Treatment approaches for gallbladder cancer depends on the stage of cancer at the time of diagnosis, possible side effects and overall health of the patient. The main types of treatments for gallbladder cancer are:
Surgery: It involves the surgical removal of the entire tumor. Surgery is the mainstay early and advanced cancers for easing the symptoms of advanced cancer.
Types of surgery:
- Cholecystectomy: It involves the removal of gallbladder.

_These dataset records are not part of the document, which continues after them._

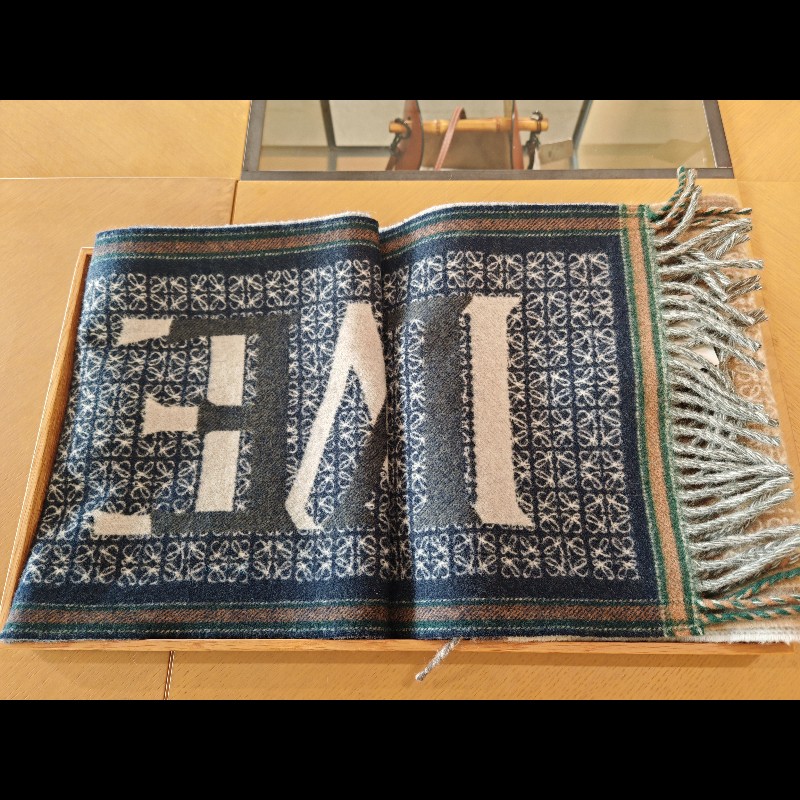 全新 Loewe 羅意威 深藍雙色雙面圍巾 頸巾 scarf F606257X51 羊毛羊絨 連原裝包裝-3
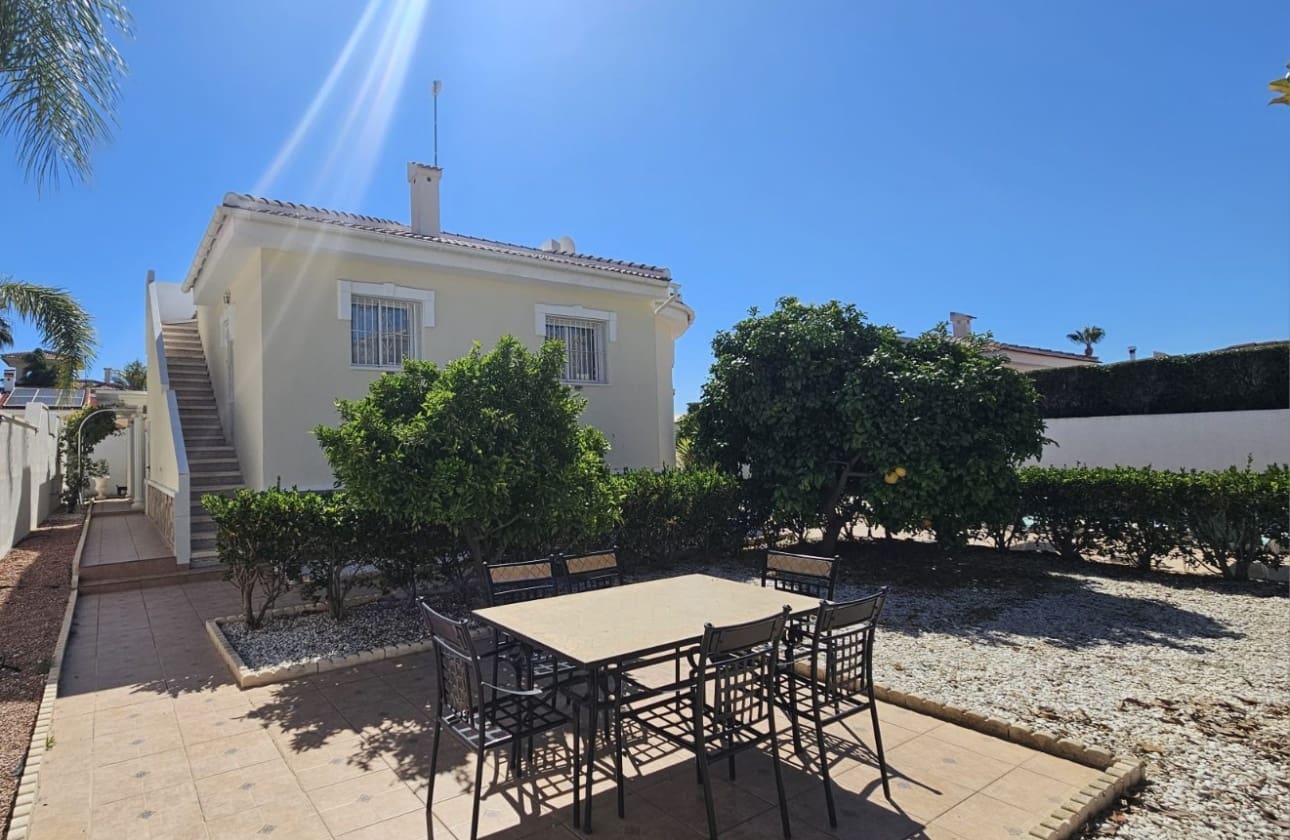 Chalet de 3 habitaciones en Ciudad Quesada en venta con piscina garaje - 430.000 € (Ref: 9815150)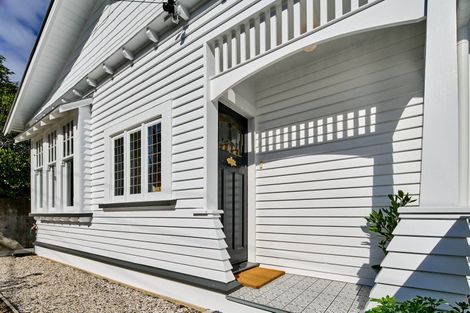 Photo of property in 44 Glen Road, Kelburn, Wellington, 6012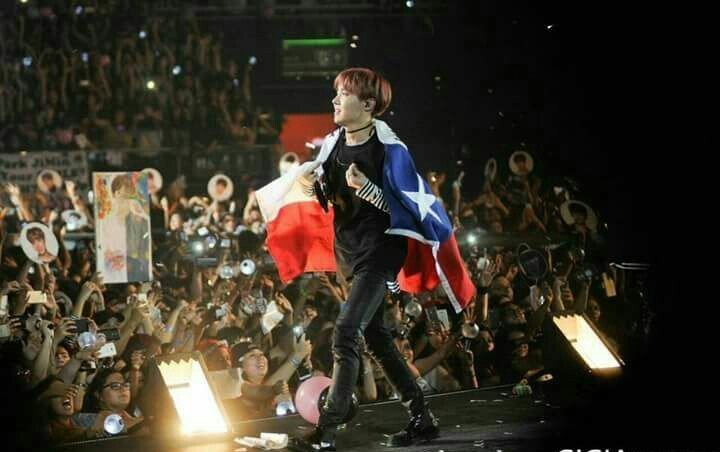 Yoongizxx's tweet photo. @BigHitEnt WEÓN CHILE. https://t.co/IFgjbieQOC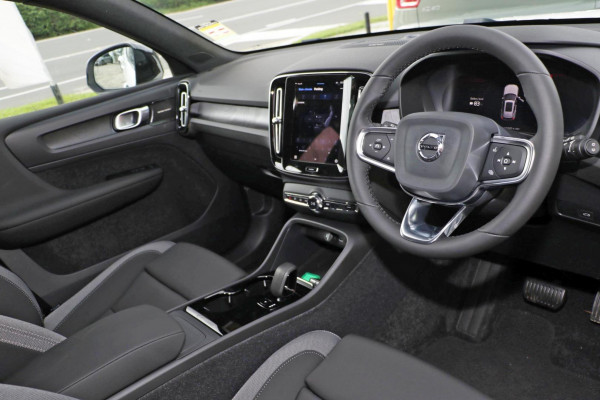 2024 MY25 Volvo EX40  Ultra Single Motor Extended Range SUV Image 6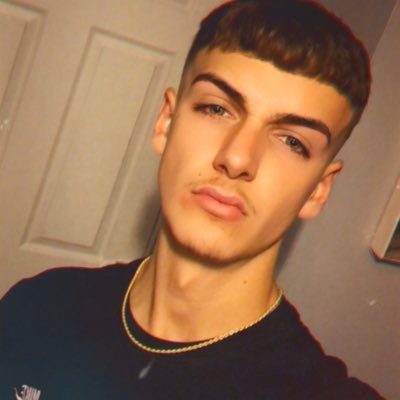 ilesbrandon10's profile picture.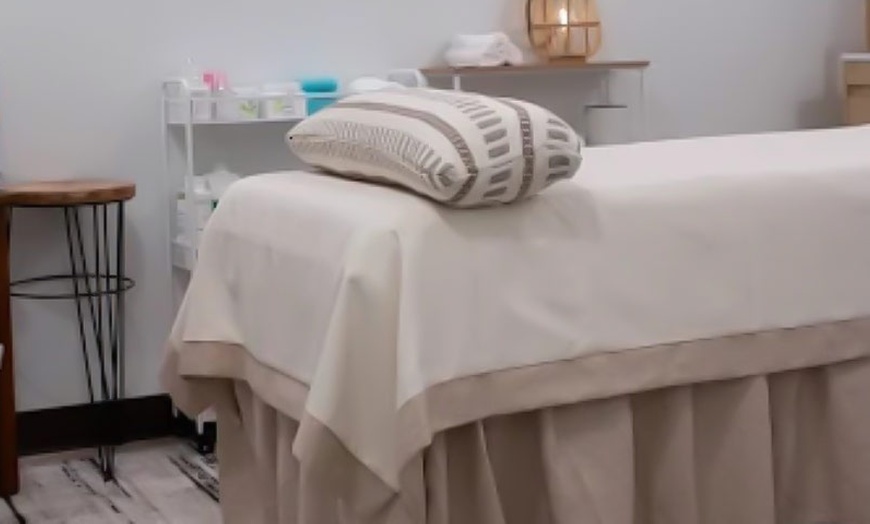 Image 5: Relax with Oriental or Signature Massage and Hot Stones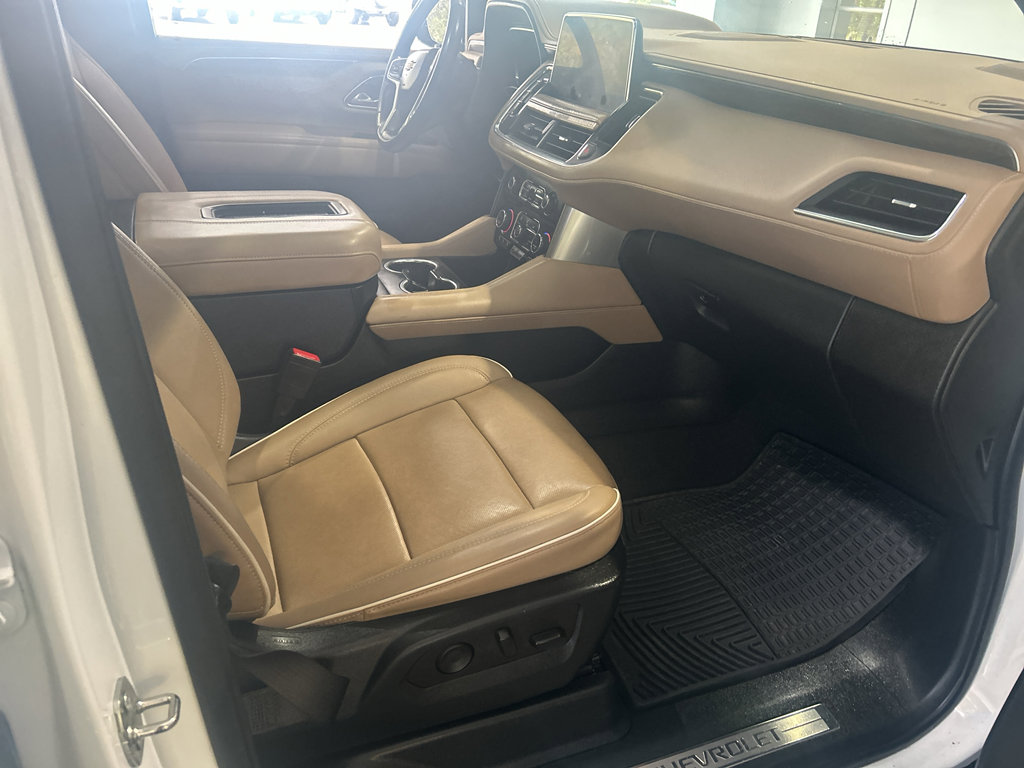 Used 2022 Chevrolet Suburban Premier image 18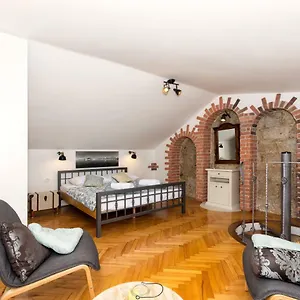 Apartment Old, Split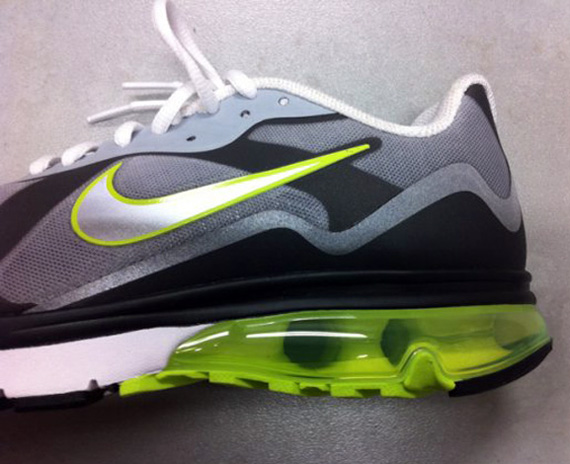 Nike Air Max Alpha 2011 - Grey - Volt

It is recommended for stage I cancer.
- Radical gallbladder resection: In this procedure, the gallbladder along with a wedge-shaped section of the liver, the bile duct, and lymph nodes are removed.
- Palliative surgery: It is performed to ease the symptoms and complications of cancer such as blockage of the bile ducts. It is recommended for stage IV cancer.
Radiation therapy: Radiation therapy may be used before surgery (neoadjuvant therapy) to shrink the tumor or after surgery (adjuvant therapy) to destroy any remaining cancer cells. For advanced cancers, it is also used to ease the symptoms (palliative therapy).
For gallbladder cancer, high energy beams are delivered to the site of tumor through an external source (external beam therapy). It is an outpatient procedure that is usually given over several weeks.
Side effects from radiation therapy may include mild skin reactions, fatigue, loss of appetite, nausea and vomiting, diarrhea, and weight loss.
Chemotherapy: It involves the use of specific anticancer drugs to destroy the cancer cells. In gallbladder cancer, chemo drugs are used as:
- A part of the main treatment for some advanced cancers
- An adjuvant treatment after surgery to reduce the recurrence of cancer
Common side effects of chemotherapy are fatigue, nausea and vomiting, loss of appetite, hair loss and diarrhea.
Immunotherapy: It involves the use of medications that boost patient’s own immune system to recognize the cancer cells and destroy them. Most of the immunotherapy drugs for gallbladder cancer are in clinical trials.
Although there is no way to prevent liver and gallbladder cancers, early diagnosis and prompt treatment may reduce the risk of cancer. Patients with early-stage tumors have the best chance of long-term survival. Unfortunately, most liver and gallbladder cancers are diagnosed in the advanced stages. Follow-up care and staying positive throughout the treatment will help obtain better outcomes.